La situation le désespère. "Il y a un rendement critique, c'est le rendement en dessous duquel j'aurais travaillé pour rien. Et j'ai bien peur que cette année, on y soit."

Qu'il s'agisse des sécheresses ou des pluies excessives, les phénomènes météorologiques posent de plus en plus de difficultés aux agriculteurs. Leur intensité et leur imprévisibilité mettent parfois les exploitants devant le fait accompli, balayant leurs efforts. "On a bossé toute l'année, on a lutté toute l'année pour semer, nourrir, protéger nos cultures, on a fait tout ce qu'on a pu. Et on voit que le résultat ne sera pas à la hauteur de ce qu'on a fait tout au long de l'année", s'agace le céréalier, qui est déjà déconfit face de son rendement sur l'orge d'hiver. "On a récolté les orges d'hiver hier et avant-hier, avec des pailles très très vertes et du grain sec. Une énorme déception." Il espère pouvoir le destiner à la production de bière, mais craint de devoir le rediriger vers la nourriture pour bétail. 

Évoluer pour faire face

Pour Bruno Cardot, il est évident que le secteur agricole doit s'adapter au changement climatique pour éviter de multiplier les années comme celles-ci. Mais il estime que l'État doit accompagner le secteur agricole dans sa transition. Et pas nécessairement par des aides financières ou des subventions. "On ne court pas après les aides, assure-t-il. Ce qu'on veut, c'est vivre de notre travail. Un revenu, c'est un rendement multiplié par un prix, moins les charges. Donc, il faut faire ce qu'il faut pour baisser les charges, avoir des prix stables et des rendements corrects. Pour cette transition, il va falloir beaucoup d'argent, ce n'est pas un gros mot. Si je gagne de l'argent, je pourrai investir dans les transitions." Il aimerait aussi que la recherche et la législation avancent sur les semences génétiquement modifiées. "Je rêve d'avoir une semence qui soit tolérante aux excès d'eau comme cette année, tolérante aux maladies, tolérante à tout", assure-t-il.

Vincent Guyot est, lui aussi, convaincu que l'agriculture doit s'adapter à ce dérèglement, mais se sent parfois un peu impuissant. "On essaie de s'adapter par des techniques culturelles, par des variétés, on est beaucoup aidés et suivis pour trouver des techniques d'adaptation au réchauffement climatique.

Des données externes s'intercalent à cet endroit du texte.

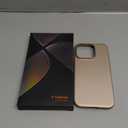 TORRAS Magnetic Slim Fit for iPhone 16 Pro Case 6.3 inch, Ultra-Thin 16 Pro Case Compatible with MagSafe, Lightweight Matte Anti-Scratch Hard PC Cover Phone Case for iPhone 16 Pro, Desert Titanium | Magnetic, 6.3 inch, Ultra-Thin, 16 Pro Case, Lightweight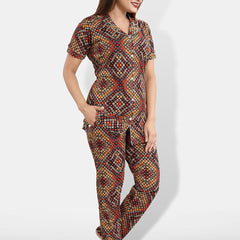 Be You Women Printed Night suit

Mais j'ai quand même l'impression que le réchauffement climatique va beaucoup plus vite que ce qu'on arrive à faire en termes d'essai et d'adaptation sur nos fermes, et parfois, on est rattrapés", constate-t-il. 

D'après l'Agreste, c'est toute l'Union européenne qui est touchée par la baisse des rendements de blé tendre cet été. L'organisme estime une production de 122 millions de tonnes en 2024, soit 5 millions de moins qu'en 2023. Mais c'est bien pour la France qu'on annonce la baisse la plus importante.